Capillary refill time is a physical exam technique that provides clinicians with a simple, reliable, and quick way of determining the adequacy of peripheral perfusion in both adults and children   . Though CRT is subject to examiner variability as discussed in the next section, standardization is defined here by its original introduction in 1947 by Beecher et al. The performing examiner applies manual pressure to the ventral surface of the distal phalanx of fingers or toes until the nailbed is blanched. This pressure is maintained for ten seconds and then released. The amount of time, in seconds, that transpires before reperfusion occurs and normal color returns to the digit is the CRT . The upper limit of normal for time to reperfusion is less than 3 seconds . Reassessment of CRT should depend on the clinical scenario but for critically ill persons can be performed as frequently as every 30 minutes 
It should be acknowledged that the validity of CRT results may be affected by a multitude of factors including differences in ambient conditions, patient age, skin pigmentation, presence of nail polish or artificial nails, and is even subject to intraobserver and interobserver reliability [. One study conducted in an urban pediatric emergency department examined the effect of room temperature on CRT in mildly ill but well-hydrated patients aged one month to 12 years and fount a statistically significant difference (0.85 +/- 0.45 seconds in the warm room vs. 2.39 +/- 0.76 seconds in the cool room, 95% CI, P < .001) . Another study found that CRT was roughly three times more likely to be reported as normal in daylight conditions when compared to a dark room (94.2% vs. 37.1%, respectively) . A prospective observational study in 1,000 ED patients found that CRT increased 3.3% every decade of life, baseline CRT was lower in males, and that interpretation of CRT as normal or abnormal differed among clinicians . Specific guidelines to standardize the setting of CRT do not currently exist. As such, healthcare providers must be aware of potentially confounding elements and their implications especially in the setting of treating patients in dissimilar circumstances, austere environments (paramedics, wilderness first responders), or in anormothermia. Newer methods to increase reliability have been proposed including the use of photoplethysmography and fiberoptic force sensors .
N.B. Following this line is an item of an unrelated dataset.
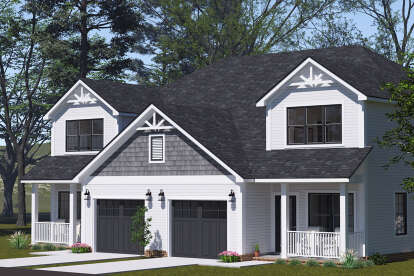 Traditional House Plan #4848-00496 Elevation Photo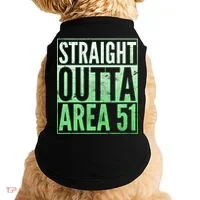 Straight Outta Area 51 Doggie Tank thumb 0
Although the use of CRT has been incorporated into different support guidelines (e.g., concerning advanced pediatric life-support), controversies exist regarding its accuracy in different clinical settings as discussed above. In February 2019, The Journal of the American Medical Association (JAMA) published The ANDROMEDA-SHOCK Randomized Clinical Trial comparing mortality of fluid resuscitation guided by CRT vs serum lactate in 424 patients with newly diagnosed septic shock from 28 different ICUs around the world . Normalization of CRT measured and steadily decreasing lactate levels were the goals of each arm, respectively. Measuring serum lactate every 2-4 hours throughout the resuscitation of patients with septic shock until levels fall below 2 mmol/L is the current standard of care; however it should be acknowledged that comorbid conditions including active malignancy, cardiac arrest, liver dysfunction, and some medications may simultaneously elevate lactate levels as a surrogate of tissue perfusion in response to fluid administration . Results of the trial demonstrated a slight improvement in the primary outcome, all-cause mortality at 28 days, in the capillary refill arm (34.9% vs. 43.4% with a 95% CI, P = 0.06) . A statistically significant improvement in one of the secondary endpoints, organ dysfunction at 72 hours as measured by SOFA score, was also noted in the CRT group (P = 0.045) . There were no significant differences in the other secondary outcomes measured (death within 90 days, mechanical ventilator-free days, ICU and hospital length of stay, vasopressor-free days within 28 days, need for renal replacement therapy) . The ANDROMEDA-SHOCK Randomized Clinical Trial illustrates that CRT can be as effective as more conventional biomarkers of perfusion in both gauging fluid status and governing fluid administration.
CRT may also be of prognostic value in critically ill patients. One study conducted by Lima et al examined the relationship between peripheral perfusion and progression of organ failure by relative SOFA score increase in a cohort of 50 hemodynamically stable ICU patients with a recent diagnosis of circulatory shock. Perfusion status was characterized both by examiner-measured CRT and then by cutaneous temperature readings to increase reliability as discussed above. Results showed that patients categorized into the reduced perfusion group were 7.4 times more likely to have worsening organ dysfunction and 4.6 times more likely to have hyperlactatemia (p < 0.05). The authors conclude that the worsening of organ dysfunction in hemodynamically stable patients following resuscitation can be identified through the subjective assessment of perfusion status .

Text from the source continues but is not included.